NFL v. Kim Davis: The New False Equivalency

I haven’t done a Silly Meme Saturday entry in a while; perhaps because I now follow fewer people who post silly memes. But I still see them occasionally.

Silly Meme
This meme, while it was intended to poke fun at conservative hypocrisy, rests on a false equivalency between Kim Davis’ marriage license protests and the protests against police brutality and systemic racism by some NFL players.

The meme at right, which I’ve now seen in several different versions, uses a photo of Kentucky Court Clerk Kim Davis.

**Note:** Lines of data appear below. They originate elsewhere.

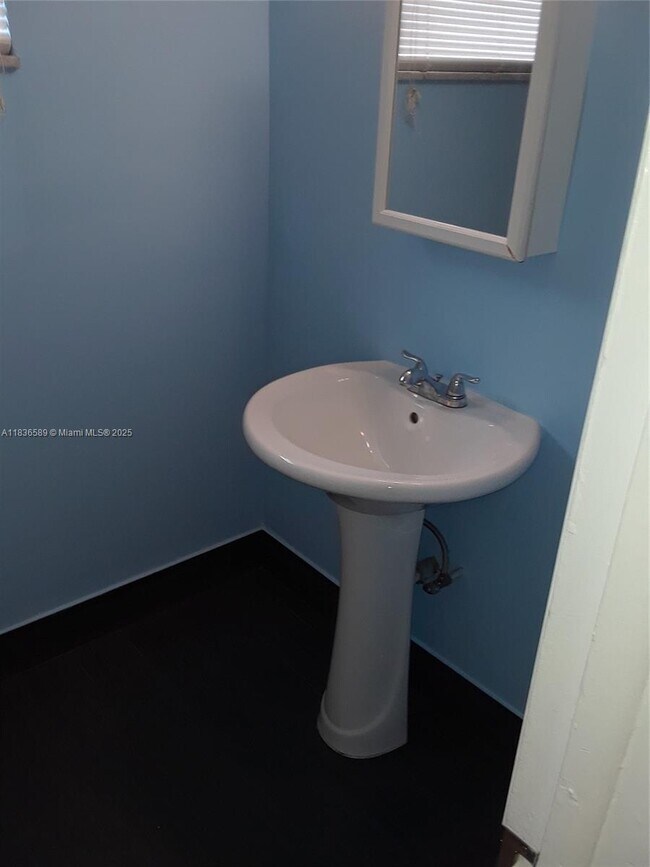 Foto del edificio - 685 NE 85th St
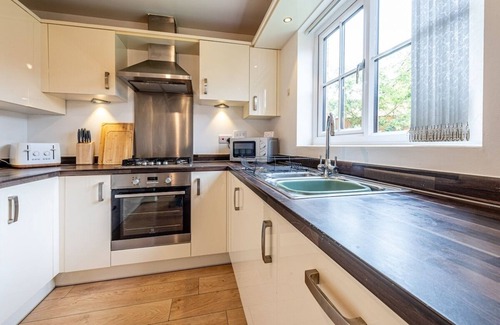 Trafford House | Stylish 4-Bed House in Manchester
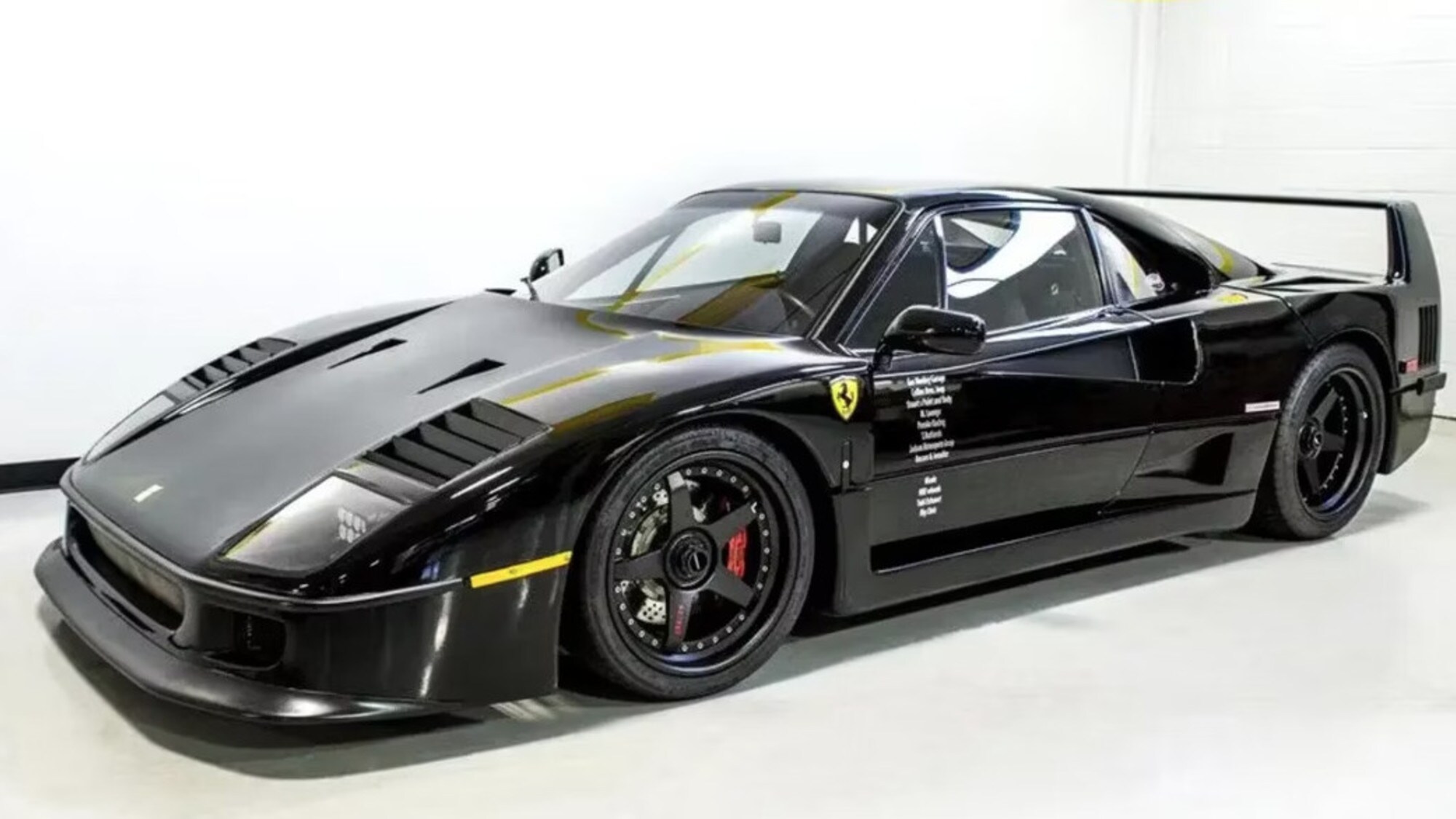 Ferrari F40 coinvolta in una frode milionaria e con valore da record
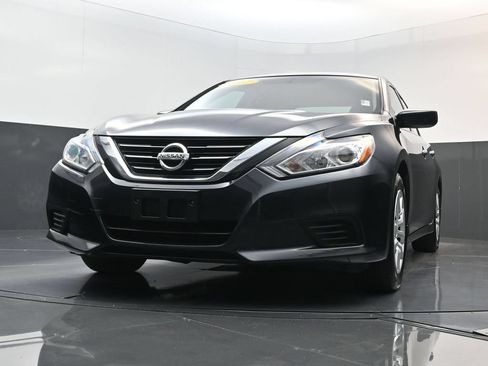 Used 2017 Nissan Altima 2.5 S w/ Power Driver Seat Package FWD image 27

At first, the words typed on the image sound like a conservative soundbite about NFL players protesting police brutality and systemic racism, but then the sentence ends with a twist.

“Thumbs up if you agree NFL players are employees at work and should therefore keep their politics out of… whoops we accidentally used a photo of Kim Davis.”

The power of the meme rests on the assumption that viewers are familiar with both (1) Kim Davis and her refusal to issue marriage licenses, and (2) the conservative trope that “NFL players should stand for the anthem because they’re employees”. The idea is to point out the hypocrisy of conservatives who heartily supported Ms. Davis’ “civil disobedience” but now insist NFL players should just “do their jobs” and “protest on their own time”.

My biggest problem with the meme’s message is that it won’t change the mind of any conservative who holds both those positions, because they don’t see them as dissonant. They believe that Ms. Davis was standing up against “persecution” of her religious beliefs, much like the legendary young Hebrews Shadrach, Meshach, and Abednego stood up to Babylonian king Nebuchadnezzar, who threw them into a fiery furnace for refusing to bow to a statue he’d made. And they believe the NFL players are being disrespectful to the U.S. flag for no good reason at all — perhaps because they’re “thugs”. So the meme’s only purpose then is to reassure liberals that yes, conservatives are hypocrites, and yes, we were right to criticize Kim Davis and we should probably laugh at her again.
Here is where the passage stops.